Total number of unique desciptions = 4224


The below cell will take sometime to run.

In [22]:
def description_wise_price(description):
    x = data[data['Description'] == description]
    x2010 = x[x.InvoiceYear == '2010']
    x2011 = x[x.InvoiceYear == '2011']
    s2010 = np.sum(x2010.TotalPrice)
    s2011 = np.sum(x2011.TotalPrice)
    del x
    del x2010
    del x2011
    return s2010, s2011

descriptions = np.unique(data.Description)

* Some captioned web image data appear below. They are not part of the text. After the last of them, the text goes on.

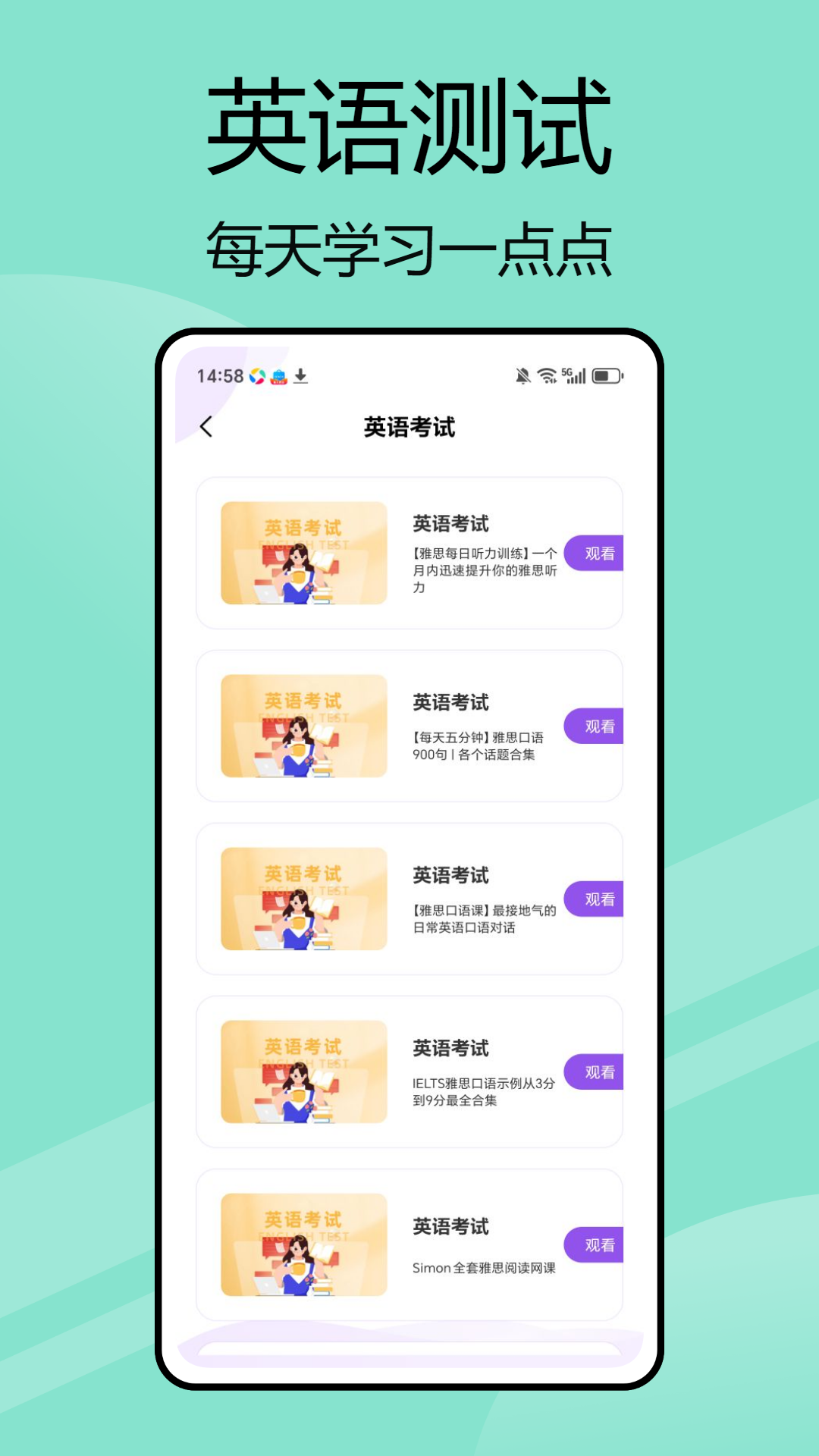 嗯背单词 1.0.1 最新版 1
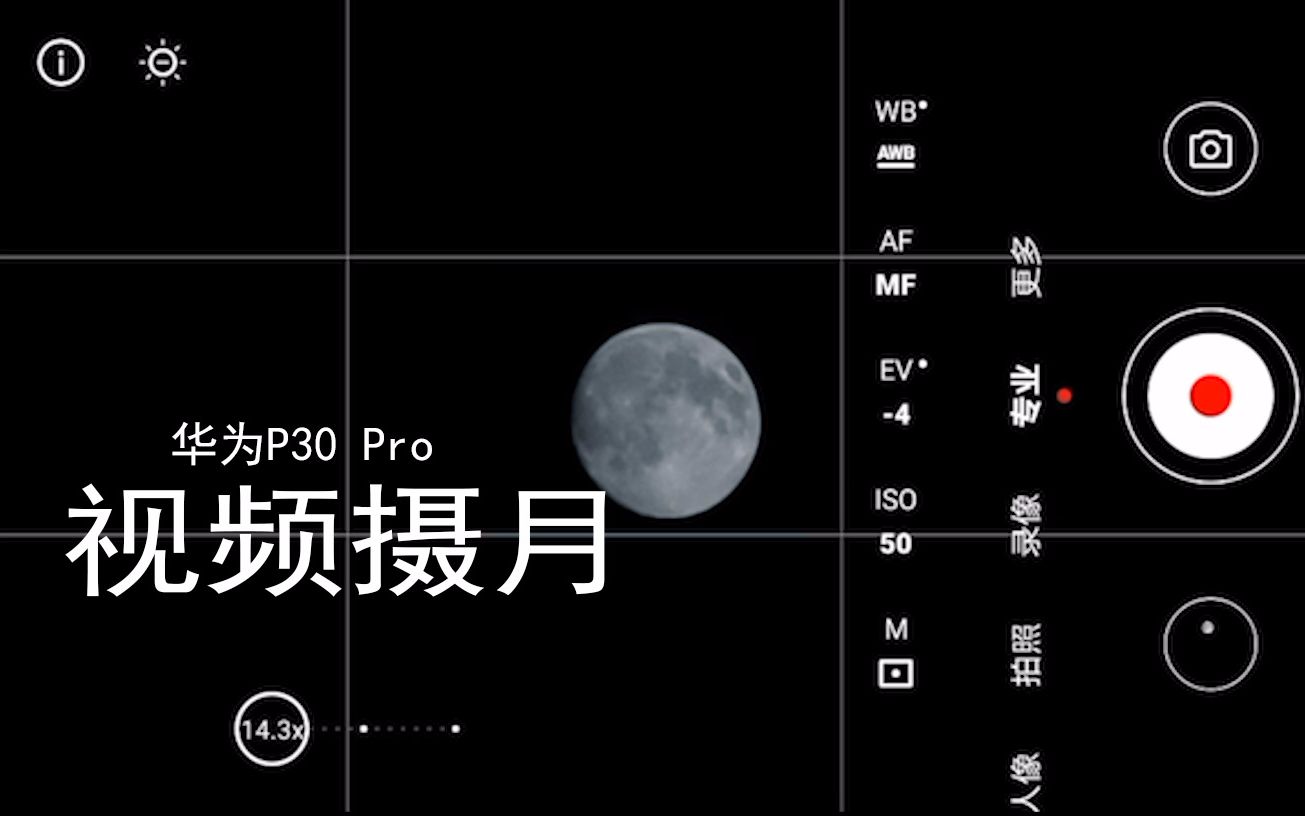 華為p40pro宣傳的視頻拍月亮p30pro可以做到嗎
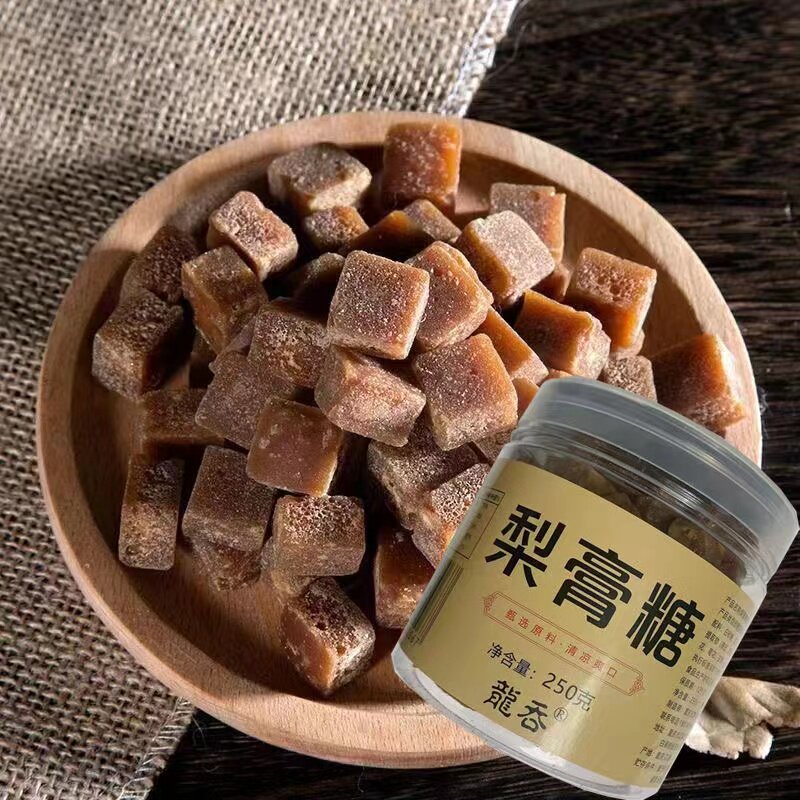 百草梨膏糖秋梨膏糖瓶装清润凉喉传统糖果
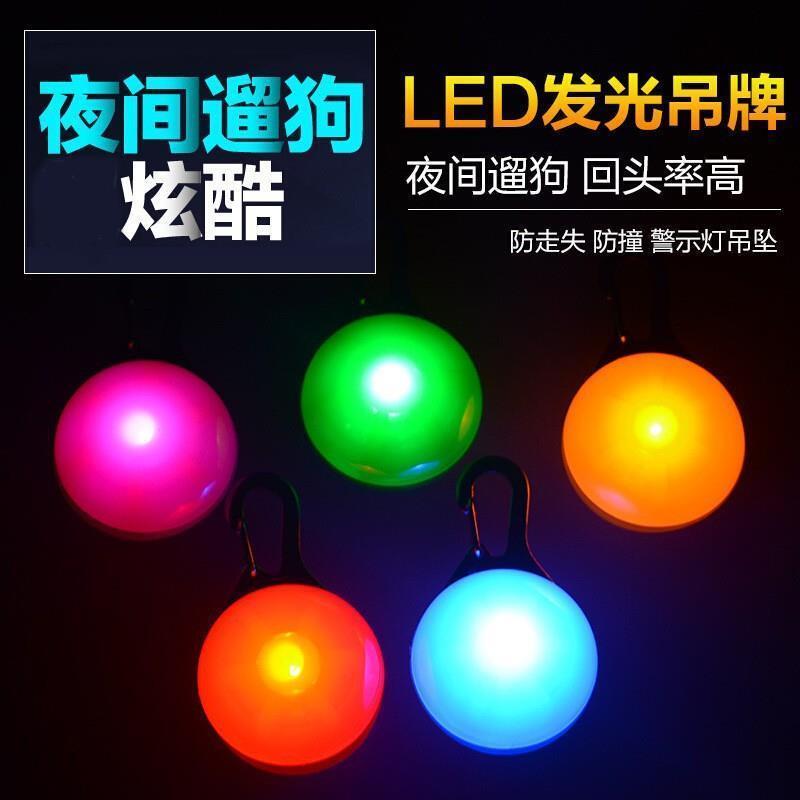 ɫ ׼ ¿led Ʒ ׹ ߶ҹ׹6.9Ԫ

description_prices = pd.DataFrame([])

for d in descriptions:
    s2010, s2011 = description_wise_price(d)
    row = pd.DataFrame({'Description': [d], 'SumPrice_in_2010': [s2010], 'SumPrice_in_2011': [s2011], 'TotalPrice': s2010+s2011})
    description_prices = description_prices.append(row)

In [24]:
description_prices = description_prices.sort_values(by=['TotalPrice'], ascending=False)
description_prices.to_csv('Description_wise_prices.csv', index=False)

In [25]:
description_prices.head()

Unnamed: 0,Description,SumPrice_in_2010,SumPrice_in_2011,TotalPrice
0,DOTCOM POSTAGE,24671.19,181574.29,206245.48
0,REGENCY CAKESTAND 3 TIER,26897.36,137864.83,164762.19
0,WHITE HANGING HEART T-LIGHT HOLDER,9877.82,89790.65,99668.47
0,PARTY BUNTING,1207.74,97095.24,98302.98
0,JUMBO BAG RED RETROSPOT,3972.35,88383.68,92356.03


In [30]:
print('Highest transaction in', description_prices.iloc[0]['Description'], "=",description_prices.iloc[0]['TotalPrice'])
print('Lowest transaction in', description_prices.iloc[-1]['Description'], "=",description_prices.iloc[-1]['TotalPrice'])

Highest transaction in DOTCOM POSTAGE = 206245.48
Lowest transaction in AMAZON FEE = -221520.5


## Points to infer
- The overall prices of the goods have increased from year 2010 to 2011.
- DOTCOM POSTAGE has highest cummulative price whereas AMAZON FEE has lowest.